The Federal Board of Revenue (FBR) is considering reducing mobile phone duty in the 2023-24 federal budget, set to be unveiled on June 9th, in response to recommendations from Pakistan Mobile Phone Traders.
Previously, the government had increased mobile phone duty by 100% to 150%, which resulted in a significant decrease in revenues, with only Rs5 billion to Rs10 billion deposited into the national treasury instead of the expected Rs85 billion.
With over 186.9 million mobile phone users in Pakistan, the proposed reduction in duty rates, currently at 100% to 150% for all mobile phones, is a crucial step to alleviate the financial burden of the ongoing fiscal crisis.

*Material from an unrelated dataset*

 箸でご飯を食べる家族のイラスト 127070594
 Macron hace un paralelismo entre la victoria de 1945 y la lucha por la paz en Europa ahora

Increasing taxes have threatened to destabilize the mobile industry, impacting traders and ordinary citizens relying on mobile phones for their livelihoods.
The Mobile Phones Traders Association delegation has put forward recommendations to Finance Minister Ishaq Dar and other senior officials with hopes of integrating these proposals into the forthcoming budget.
Pakistan’s 75% duty on mobile phones starkly contrasts with the lower rates in neighboring countries such as Singapore, Bangladesh, and Turkey. This disparity has resulted in many Pakistanis using smartphones without paying the necessary duties, often in collusion with FBR.
The exorbitant duty on mobile phones has made these essential devices inaccessible to the country’s less affluent population, including laborers, daily wage earners, students, professionals, and civil society members.
Munir Beg Mirza, General Secretary of the All Pakistan Mobile Phones Traders Association, noted that the ban on used mobile phone imports has spurred smuggling, benefiting a few companies. Additionally, people use smartphones illegally without paying high taxes, leading to further losses for the national treasury.
Mirza suggested that a fair duty imposed in the new fiscal year would not only ensure every consumer pays the tax but could also boost government revenues from mobile phones to Rs100 billion, up from the current Rs5 billion.